Interaction in confined spaces
We focused on understanding the design space of the different passenger environments, including cars, aeroplanes, buses and trains. As a first attempt to understand this, we simulated a VR passenger airplane environment to evaluate three different AR-driven virtual display configurations (Horizontal, Vertical, and Focus), exploring their usability, user preferences, and the underlying factors that influenced those preferences. We found that the perception of invading other's personal space significantly influenced preferred layouts in transit contexts. We found that the placement of virtual content was highly influenced by the physical environment, depending on the position of both passengers and physical obstacles. Results from our experiment showed: significant usage of the physical environment to align displays; strong social effects meant avoiding placing displays over other passengers or their belongings; and use of displays for shielding oneself from others. Our findings show the unique challenges posed by the mode of transport and presence of others on the use of AR for mobile productivity in the future.
Social acceptability:
XR headsets have the capability to create virtual content anywhere around the user, disconnecting users from their surroundings. To create solutions for more socially acceptable VR experiences, we first needed to understand what factors and concerns influence social acceptance of VR in different travelling contexts.

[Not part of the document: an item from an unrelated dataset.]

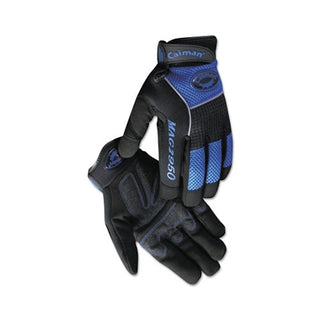 Caiman 2950 Synthetic Leather Padded Palm Grip Mechanics Gloves, Large, Black/Blue/Gray (607-2950-L)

We found that VR on shorter journeys was less socially acceptable because participants felt that there was insufficient time to enjoy the VR experiences and it was important to follow the route more closely, compared to longer journeys that had a clear final stop, allowing the user to immerse themselves in VR. We also found that accidentally injuring someone, losing one’s belongings or being unable to react if fellow passengers require attention were key barriers to VR adoption. We established that the lack of awareness of immediate objects, one's belongings and other passengers were seen as major safety and comfort concerns for VR use in transit. Therefore, our following work investigated how the visibility of these objects could influence user experience and social acceptance of VR. We designed a user study that brought these elements into Virtual Reality, testing our users’ reactions. We found that other passengers were the most important cue from reality that participants wanted to see, whilst inanimate objects were of less interest. This work sets initial guidelines for more acceptable VR experiences.
Motion sickness
Mitigating motion sickness using neurostimulation is a new era of the in-car use of VR, because it focuses on the enhancement or inhibition of human brain functions themselves without any requirement of sophisticated VR software development. We have a 3-step research plan for our neurostimulation study. Step 1 is to explore the brain biomarkers of VR motion sickness. Step 2 is to implement neurostimulation based on the discovered brain biomarkers, which will be followed by Step 3, an in-car study that aims to verify the developed neurostimulation approach. We have completed steps 1 and 2 and step 3 will begin shortly. For step 1, we confirmed that the left parietal region of our brain is associated with VR motion sickness by using conventional functional segregation methods. On top of this, we found a new brain biomarker (that is, frontoparietal coherence) that is associated with VR motion sickness. This finding not only confirms the involvement of the newly proposed human vestibular network in VR motion sickness but also lays the foundation of the implementation of transcranial alternating current stimulation (tACS), featuring simultaneously modulating multiple regions' brain states. We also found that VR motion sickness impaired cognitive control ability represented by the degree of attentional engagement. Step 2 is now complete. We found that the number of participants who withdrew from the experiments in the non-tACS group (that is, the control group) was three times that of the tACS group.